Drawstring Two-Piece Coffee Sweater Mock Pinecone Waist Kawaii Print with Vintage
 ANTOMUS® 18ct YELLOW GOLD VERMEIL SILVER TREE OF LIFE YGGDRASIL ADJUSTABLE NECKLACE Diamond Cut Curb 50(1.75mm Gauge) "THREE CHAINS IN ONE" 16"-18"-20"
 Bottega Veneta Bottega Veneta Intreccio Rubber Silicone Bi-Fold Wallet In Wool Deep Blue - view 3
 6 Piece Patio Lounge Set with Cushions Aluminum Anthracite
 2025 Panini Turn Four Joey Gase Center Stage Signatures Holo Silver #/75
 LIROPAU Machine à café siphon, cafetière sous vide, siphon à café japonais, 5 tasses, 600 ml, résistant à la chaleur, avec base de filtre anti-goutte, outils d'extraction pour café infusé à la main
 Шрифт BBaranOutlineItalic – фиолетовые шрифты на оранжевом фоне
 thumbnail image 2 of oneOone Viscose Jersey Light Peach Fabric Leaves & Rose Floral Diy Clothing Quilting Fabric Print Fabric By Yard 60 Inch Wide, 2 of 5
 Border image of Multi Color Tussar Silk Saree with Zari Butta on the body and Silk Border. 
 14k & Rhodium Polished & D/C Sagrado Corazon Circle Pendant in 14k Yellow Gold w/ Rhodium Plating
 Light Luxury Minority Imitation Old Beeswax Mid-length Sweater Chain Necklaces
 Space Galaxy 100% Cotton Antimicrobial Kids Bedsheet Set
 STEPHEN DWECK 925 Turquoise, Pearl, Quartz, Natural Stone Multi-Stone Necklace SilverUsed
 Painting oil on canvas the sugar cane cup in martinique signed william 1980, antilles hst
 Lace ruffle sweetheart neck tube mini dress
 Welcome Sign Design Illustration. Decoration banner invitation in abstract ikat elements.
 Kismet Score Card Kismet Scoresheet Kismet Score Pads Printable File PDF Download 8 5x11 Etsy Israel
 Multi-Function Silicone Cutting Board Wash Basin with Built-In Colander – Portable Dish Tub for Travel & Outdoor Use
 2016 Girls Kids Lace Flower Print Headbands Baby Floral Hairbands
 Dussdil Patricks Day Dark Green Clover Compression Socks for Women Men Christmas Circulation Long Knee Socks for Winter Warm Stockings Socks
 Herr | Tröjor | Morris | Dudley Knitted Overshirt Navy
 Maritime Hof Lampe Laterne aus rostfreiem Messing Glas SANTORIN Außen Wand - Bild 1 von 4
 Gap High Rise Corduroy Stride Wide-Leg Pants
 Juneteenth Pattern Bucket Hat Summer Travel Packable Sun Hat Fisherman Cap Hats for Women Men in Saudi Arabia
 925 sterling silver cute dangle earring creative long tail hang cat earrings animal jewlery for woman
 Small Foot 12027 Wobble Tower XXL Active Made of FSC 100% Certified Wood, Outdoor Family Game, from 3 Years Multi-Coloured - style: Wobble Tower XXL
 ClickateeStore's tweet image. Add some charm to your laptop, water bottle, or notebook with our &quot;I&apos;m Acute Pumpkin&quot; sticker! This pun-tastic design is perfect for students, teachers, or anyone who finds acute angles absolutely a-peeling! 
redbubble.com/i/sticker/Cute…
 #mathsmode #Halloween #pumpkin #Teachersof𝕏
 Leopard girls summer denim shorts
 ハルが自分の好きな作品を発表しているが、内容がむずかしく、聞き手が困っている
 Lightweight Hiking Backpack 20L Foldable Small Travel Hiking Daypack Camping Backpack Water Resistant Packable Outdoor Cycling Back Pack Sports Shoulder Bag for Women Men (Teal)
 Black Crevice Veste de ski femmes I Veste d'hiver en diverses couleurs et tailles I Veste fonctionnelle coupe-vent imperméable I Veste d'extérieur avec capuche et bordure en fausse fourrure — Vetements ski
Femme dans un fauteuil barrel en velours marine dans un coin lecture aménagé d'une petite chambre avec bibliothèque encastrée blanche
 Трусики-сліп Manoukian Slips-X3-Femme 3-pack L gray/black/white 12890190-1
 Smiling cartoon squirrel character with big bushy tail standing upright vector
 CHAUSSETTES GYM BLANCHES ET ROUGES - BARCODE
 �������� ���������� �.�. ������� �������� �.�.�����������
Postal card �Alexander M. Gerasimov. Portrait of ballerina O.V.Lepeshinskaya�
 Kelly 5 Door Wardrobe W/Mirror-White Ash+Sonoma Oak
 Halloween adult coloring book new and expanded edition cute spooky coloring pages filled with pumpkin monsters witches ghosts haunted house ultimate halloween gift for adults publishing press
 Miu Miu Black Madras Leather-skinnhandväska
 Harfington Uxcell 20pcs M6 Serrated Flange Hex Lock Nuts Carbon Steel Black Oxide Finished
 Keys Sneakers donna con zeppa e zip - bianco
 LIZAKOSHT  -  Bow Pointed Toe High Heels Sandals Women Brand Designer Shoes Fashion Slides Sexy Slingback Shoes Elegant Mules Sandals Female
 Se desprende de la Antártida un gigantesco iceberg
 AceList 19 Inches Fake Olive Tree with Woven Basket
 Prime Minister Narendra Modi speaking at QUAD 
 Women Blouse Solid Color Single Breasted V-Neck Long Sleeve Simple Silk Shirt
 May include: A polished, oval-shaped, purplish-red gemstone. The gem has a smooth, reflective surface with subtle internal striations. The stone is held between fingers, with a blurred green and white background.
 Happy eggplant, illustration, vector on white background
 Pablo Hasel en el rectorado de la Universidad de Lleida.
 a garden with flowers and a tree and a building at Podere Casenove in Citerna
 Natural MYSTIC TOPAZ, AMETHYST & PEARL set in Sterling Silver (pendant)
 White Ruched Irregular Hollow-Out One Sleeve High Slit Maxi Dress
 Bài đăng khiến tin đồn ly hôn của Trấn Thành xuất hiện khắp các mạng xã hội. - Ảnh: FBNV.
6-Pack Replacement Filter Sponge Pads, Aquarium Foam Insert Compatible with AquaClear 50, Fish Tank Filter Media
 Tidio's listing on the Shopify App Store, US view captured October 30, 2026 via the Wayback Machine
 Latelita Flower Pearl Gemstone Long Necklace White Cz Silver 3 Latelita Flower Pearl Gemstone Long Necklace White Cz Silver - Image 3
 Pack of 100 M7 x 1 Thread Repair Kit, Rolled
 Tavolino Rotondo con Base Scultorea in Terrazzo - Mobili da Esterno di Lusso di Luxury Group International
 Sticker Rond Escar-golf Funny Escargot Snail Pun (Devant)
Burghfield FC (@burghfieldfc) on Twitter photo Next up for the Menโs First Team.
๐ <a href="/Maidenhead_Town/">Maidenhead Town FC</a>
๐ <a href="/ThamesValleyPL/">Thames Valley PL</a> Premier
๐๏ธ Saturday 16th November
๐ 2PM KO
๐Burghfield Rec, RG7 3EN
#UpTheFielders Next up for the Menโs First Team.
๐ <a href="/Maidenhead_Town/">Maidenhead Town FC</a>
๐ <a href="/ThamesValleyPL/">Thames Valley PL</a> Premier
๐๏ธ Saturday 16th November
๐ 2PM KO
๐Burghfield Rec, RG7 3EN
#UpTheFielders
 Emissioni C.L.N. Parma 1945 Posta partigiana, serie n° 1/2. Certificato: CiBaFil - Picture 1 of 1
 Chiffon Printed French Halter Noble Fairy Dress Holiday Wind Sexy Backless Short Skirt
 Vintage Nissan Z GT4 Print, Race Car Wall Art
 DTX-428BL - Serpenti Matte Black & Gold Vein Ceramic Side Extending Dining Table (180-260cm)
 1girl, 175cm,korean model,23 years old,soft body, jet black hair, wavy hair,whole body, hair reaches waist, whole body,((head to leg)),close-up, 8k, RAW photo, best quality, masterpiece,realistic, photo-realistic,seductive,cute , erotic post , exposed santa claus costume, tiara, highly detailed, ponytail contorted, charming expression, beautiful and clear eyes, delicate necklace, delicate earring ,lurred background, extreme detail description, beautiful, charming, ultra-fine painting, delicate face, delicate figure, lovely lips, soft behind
+++
### PROBLEM TO WORK ON
Output only an exact transcription of the lines above from the one with "Kismet Score Card" up to and including the one with "Black Crevice Veste".

### TASK RESPONSE
 Kismet Score Card Kismet Scoresheet Kismet Score Pads Printable File PDF Download 8 5x11 Etsy Israel
 Multi-Function Silicone Cutting Board Wash Basin with Built-In Colander – Portable Dish Tub for Travel & Outdoor Use
 2016 Girls Kids Lace Flower Print Headbands Baby Floral Hairbands
 Dussdil Patricks Day Dark Green Clover Compression Socks for Women Men Christmas Circulation Long Knee Socks for Winter Warm Stockings Socks
 Herr | Tröjor | Morris | Dudley Knitted Overshirt Navy
 Maritime Hof Lampe Laterne aus rostfreiem Messing Glas SANTORIN Außen Wand - Bild 1 von 4
 Gap High Rise Corduroy Stride Wide-Leg Pants
 Juneteenth Pattern Bucket Hat Summer Travel Packable Sun Hat Fisherman Cap Hats for Women Men in Saudi Arabia
 925 sterling silver cute dangle earring creative long tail hang cat earrings animal jewlery for woman
 Small Foot 12027 Wobble Tower XXL Active Made of FSC 100% Certified Wood, Outdoor Family Game, from 3 Years Multi-Coloured - style: Wobble Tower XXL
 ClickateeStore's tweet image. Add some charm to your laptop, water bottle, or notebook with our &quot;I&apos;m Acute Pumpkin&quot; sticker! This pun-tastic design is perfect for students, teachers, or anyone who finds acute angles absolutely a-peeling! 
redbubble.com/i/sticker/Cute…
 #mathsmode #Halloween #pumpkin #Teachersof𝕏
 Leopard girls summer denim shorts
 ハルが自分の好きな作品を発表しているが、内容がむずかしく、聞き手が困っている
 Lightweight Hiking Backpack 20L Foldable Small Travel Hiking Daypack Camping Backpack Water Resistant Packable Outdoor Cycling Back Pack Sports Shoulder Bag for Women Men (Teal)
 Black Crevice Veste de ski femmes I Veste d'hiver en diverses couleurs et tailles I Veste fonctionnelle coupe-vent imperméable I Veste d'extérieur avec capuche et bordure en fausse fourrure — Vetements ski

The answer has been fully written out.